# Vertical circle-direction of a force?

1. Dec 4, 2008

### lu6cifer

Vertical circle--direction of a force?

Vertical circle--direction of a force?
An amusement park ride consists of a car moving in a vertical circle on the end of a rigid boom of negligible mass. The combined weight of the car and riders is 4.5 kN, and the circle's radius is 12 m.

(a) At the top of the circle, what are the magnitude Fb and direction (up or down) of the force on the car from the boom if the car's speed is v = 5.0 m/s?

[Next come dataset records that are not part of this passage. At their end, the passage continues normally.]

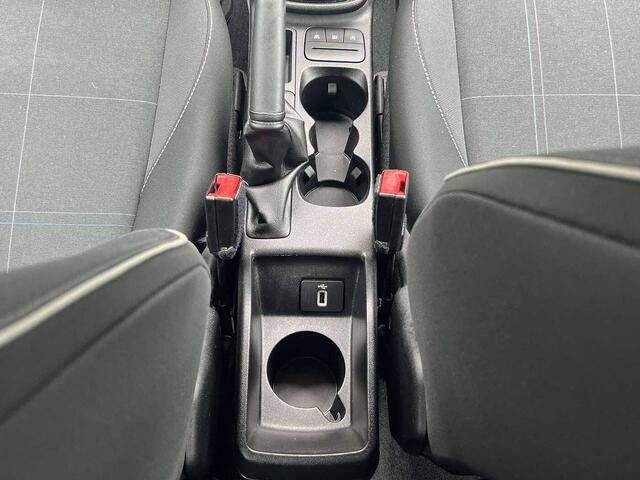Ford Fiesta 1.5 TDCi Busines  CARPLAY BLUETOOHT PDC  CRUISE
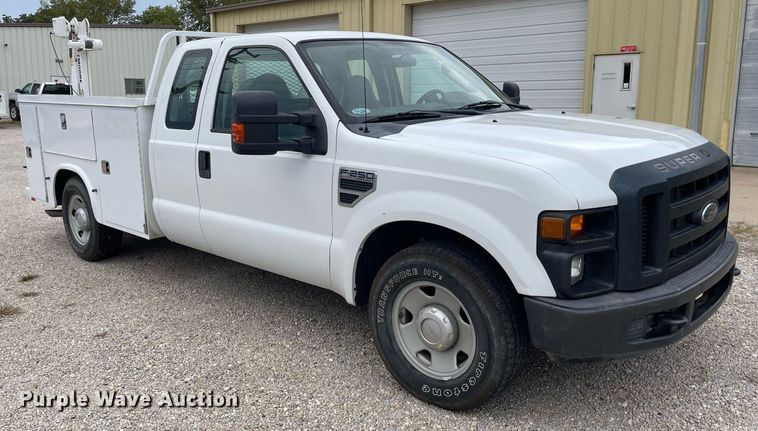 image for item NX9853 2009 Ford F250 Super Duty XL  SuperCab utility bed pickup truck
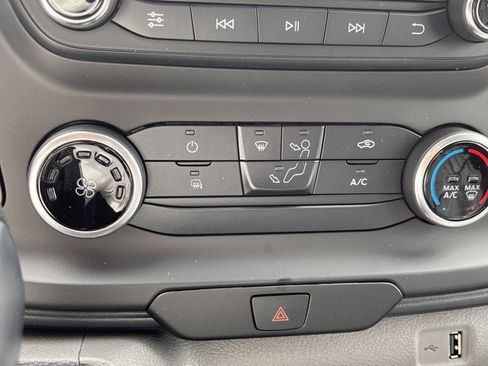 New 2025 Ford Transit 250 148 Medium Roof w/ Load Area Protection Package image 12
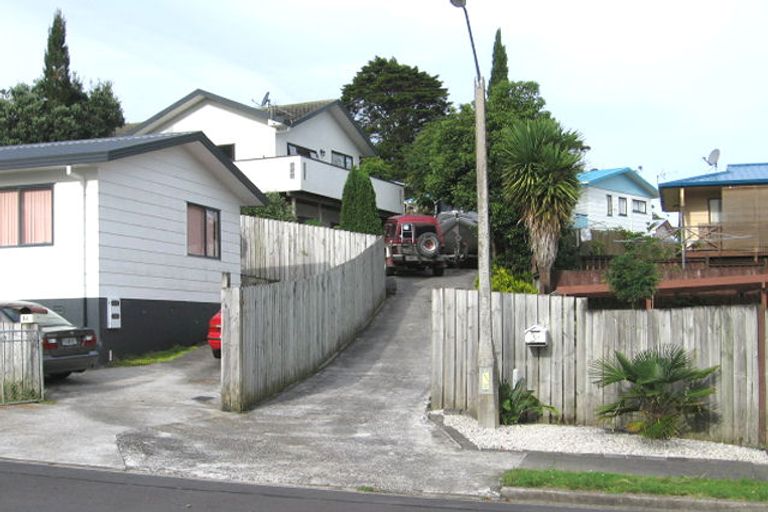Photo of property in 3b Louise Place, West Harbour, Auckland, 0618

(b) At the top of the circle, what are the magnitude Fb and direction (up or down) of the force on the car from the boom if the car's speed is v = 15 m/s?

I have the work and the answers, so I know how this works mathematically. For a, the normal force is positive, so the direction of force is up. But, for b, the normal force is negative, so the direction of force is down. However, since they're at the top for both scenarios, shouldn't there only be one direction of force anyway?

[Note: direction of motion is positive, W = weight, N = normal force]
For a:
W - N = mv2 / r
(v = 5 m/s)
N = 3.59kN

For b:
W - N = mv2 / r
(v = 15 m/s)
N = -4.11kN

2. Dec 4, 2008

### rl.bhat

Re: Vertical circle--direction of a force?

When the car is moving in the vertical circle, centrifugal force acts on it which is away from the centre. When the weight is more than this force, the net force is in the down ward direction. Other wise it is upwards.

3. Dec 4, 2008

### lu6cifer

Re: Vertical circle--direction of a force?

So, when the centripetal force, ie, the mv2/r part of the equation is less than W, that means that the normal force is directed upwards, and if it's more than W, the normal force is directed downwards?

And, what would an upward normal force mean as opposed to a downward one if this situation were in real life?

4. Dec 4, 2008

### rl.bhat

Re: Vertical circle--direction of a force?

In the real life, a person sitting in the car will be thrown to the roof of the car if the normal force is upwards.